Editor’s pickPipe and hardware companies aim to capitalise on projected US$300 billion opportunity

15-06-2017

Total investment in U.S. municipal water and sewer pipes by material type from 2017 to 2026. Image credit: Bluefield Research

With concerns about the municipal water infrastructure in the United States (U.S.) rising, pipe and hardware companies are poised to benefit from the forecasted US$300 billion capital expenditure over the coming ten years, according to Bluefield Research’s new published report, U.S. Municipal Pipe Markets: Trends, Opportunities and a Changing Competitive Landscape in Water.

Bluefield has projected that between 2017 and 2026, new and replaced pipe and hardware infrastructure will account for over 57 per cent of expenditure by municipal utilities.
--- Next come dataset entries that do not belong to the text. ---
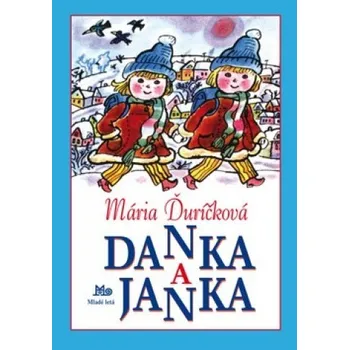 Danka a Janka - Mária Ďuríčková; Božena Plocháňová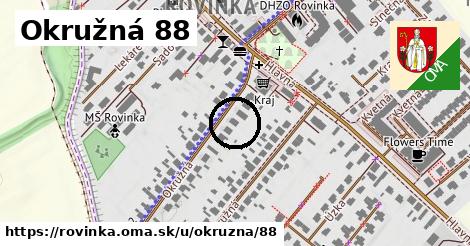 Okružná 88, Rovinka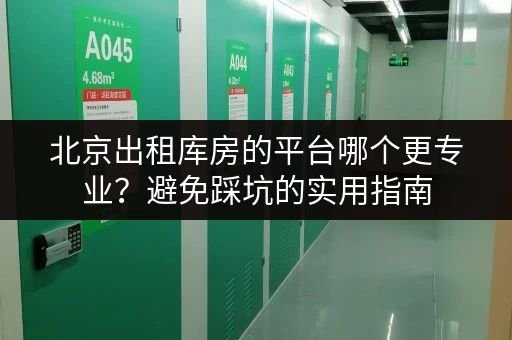 北京出租库房的平台哪个更专业？避免踩坑的实用指南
“The public does not want to think, or even know, about the 1.6 million miles (2.57 million kilometres) of pipes underground, but hundreds of thousands of water main breaks and lead-tainted water have begun to put a spotlight on this historically overlooked sector,” Reese Tisdale, President of Bluefield Research, commented. “In fact, the average age of water pipes continues to climb – from 25 years in 1970 to 45 years in 2020 – largely because of underinvestment.”
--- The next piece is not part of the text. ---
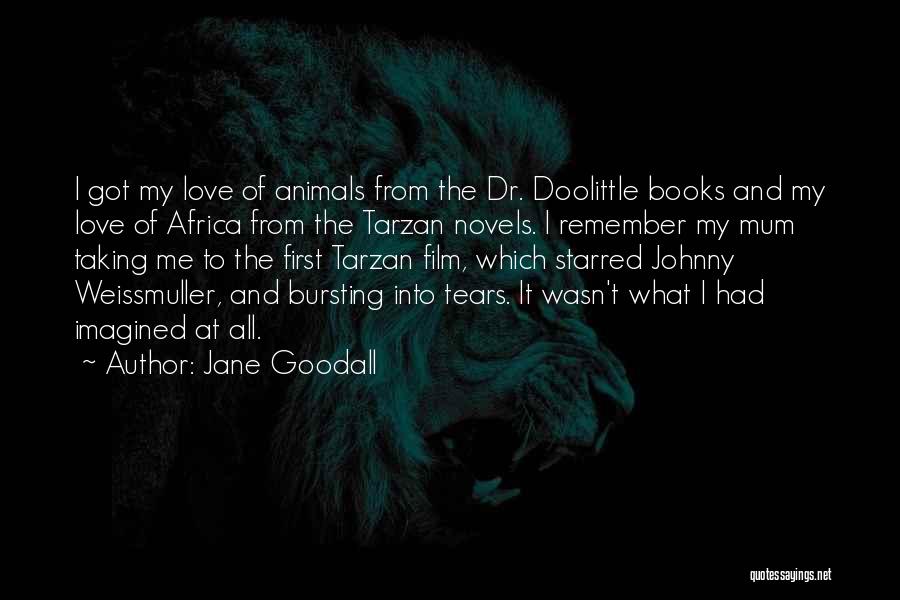 Jane Goodall Quotes: I Got My Love Of Animals From The Dr. Doolittle Books And My Love Of Africa From The Tarzan Novels.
While municipal demand for pipe solutions is anticipated to climb, materials used in the pipe industry for water and wastewater is also set for change. New spending trends on pipes are revealing utilities and engineering firms’ preference for plastic pipes made of polyvinyl chloride (PVC) and high-density polyethylene (HDPE), which will translate into US$97 billion of the forecasted ten-year total, largely due to cost-efficiency.

With the changing pipe materials come alterations to the supply chain. Presently, companies are opening their portfolios to include innovative solutions and new upcoming pipe technologies, and a few have even entered new regions to capitalise on the momentous growth. According to Bluefield, JM Eagle, North American Pipe, and Pipelife, already leading players and ranked among the Top 10 suppliers by revenue in the industry, are in place for growth.

Simultaneously, positive signs pointing to burgeoning demand have resulted in a flurry of merger and acquisition activity. Since the beginning of 2016, Bluefield has tracked 28 acquisitions of pipe companies, coming to a total of US$6.3 billion. Of the companies tracked, Forterra – though a newcomer – has proved to be the most dynamic, having inked nine deals in the last three years and making it to just outside of the top 10 leaders in the industry.

Already, the large scale of investment going into upgrading and improving pipe networks has pushed the more innovative, smarter solutions to maintain their place ahead of the rising costs. More than US$2.7 billion will be allocated to asset condition assessment and pipeline monitoring, while operating expenditures on water leakage management will come up to US$1 billion alone over the next decade.

“Replacing water pipes is extremely labour intensive and costly, so utilities will increasingly be forced to look for ways to squeeze costs with more cost-effective materials, installation techniques, such as trenchless technologies, and network analysis,” Tisdale added. “Certainly adoption will take time but innovative solutions are in front of them.”